I self-publish my books. I have an anarchist, do-it-yourself style for most things. I don't submit to publishers. I don't use an agent for marketing. I do have editors for online publications though.
No experience at all. They seem to be hiding from all who would dare to send them material. I understand that there is a mass of work out there and weeding through it must be very difficult for them. I have recently been trying to find an agent but I think that the subject of my book must be pase' as none seem interested. I am self published printed and so far not very well self marketed. I told a friend that I can sell a million dollar building but do not seem to be able to market a ten dollar book.
So far they have been very helpful.
They want me to write faster (not likely until I retire from the day job), and never publicize/market my books enough [a universal complaint by fiction authors].
I began publishing in print, but now I publish mostly online. I find that online publications (even those that are counterparts to print) often publish more exciting work that breaks the old molds. You also have far more readers and often receive feedback. Still, there are far more stories being submitted each month than slots to publish them. You can't take it too seriously.
So far, I've have wonderful experiences with publishers. I've done a lot of freelance editing for publishers and have enjoyed them a lot and have learned a lot also. When I first started submitting queries, I got very discouraged by the normal form "rejection" letters I got from publishers, but when I realized how many pieces of correspondence they receive, I came to understand the form letters...though I really appreciated those who took five minutes to jot a note on my rejection slip!
I only have experience with newspaper publishers. They have been OK, although prone to let me work in one area for a decade or more before letting me go without the slightest hint of the coming axe.
Book publishers? Hey, that would be neat...
Publishing has changed a lot and I realize I need to update myself regarding that subject (especially online publishing and agents). I've had most of my writing published successly by others in the past without any bad experiences that I can recall (except, of course, for those aggravating rejections!), but have been self-publishing since 1995 (because it guarantees being printed). I realize now that I need to ideally do both, self-publishing and working with publishers and agents.

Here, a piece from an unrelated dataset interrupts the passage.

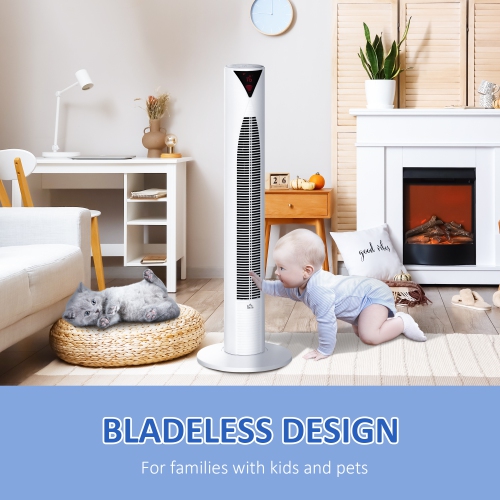 Ventilateur vertical autonome de HOMCOM pour chambre à coucher avec oscillation, 4 modes, 3 vitesses, minuterie 12 h, panneau à capteur DEL,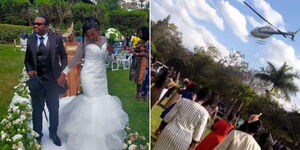 ODM leader Raila Odinga's aide Silas Jakakimba and wife Florence Nyombo during their wedding on Saturday, October 16, at Safaripark Hotel in Nairobi.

The book publishing industry is in a state of emergency these days. But it has been that way for some time.
When I wrote my first books, publishers were willing to take a chance on a book by an unknown writer or expert. Heck they would even send that author out on a book tour. You can forget about that today. All publishers want their authors to have a strong platform - meaning that the author can virtually guarantee substantial sales.
It can all be very frustrating for a writer. I once got a big rush from an editor at McGraw-Hill to turn in a manuscript by such-and-such a date. A real short deadline. I hit the deadline, then waited months and months to get any feedback. She wouldn't answer my calls or emails, or those from my co-author. Then one day her assistant called and said that they wanted a substantial rewrite in just a few weeks, so they could work the book into their Spring catalog. So I went ahead and hit that deadline. But by the time I turned the book in again, that editor had left. And the woman who replaced her had little interest in the book, so it got orphaned and never really sold.
That's just the way it is in all businesses today. Not just in publishing. American business is in crisis, so why should publishing be any different? Yet lots of authors like to sit around and feel like they are being victimized. It's the old "I am an artist being victimized by the evil businesspeople" mindset, which I really don't subscribe to. Everybody is being vicimized today. So I would say the best course is to just sit down and write and let the chips fall where they may.
They don't promote. The publisher of my thriller is fairly new and has empty pockets. The publisher of my fantasy (Tate) I have learned is really a vanity publisher (although they deny this intensely). Tate is there to make money off the author, not the sales of the author's books. Tate promises a huge investment in the author's book, but they have done really nothing to promote it.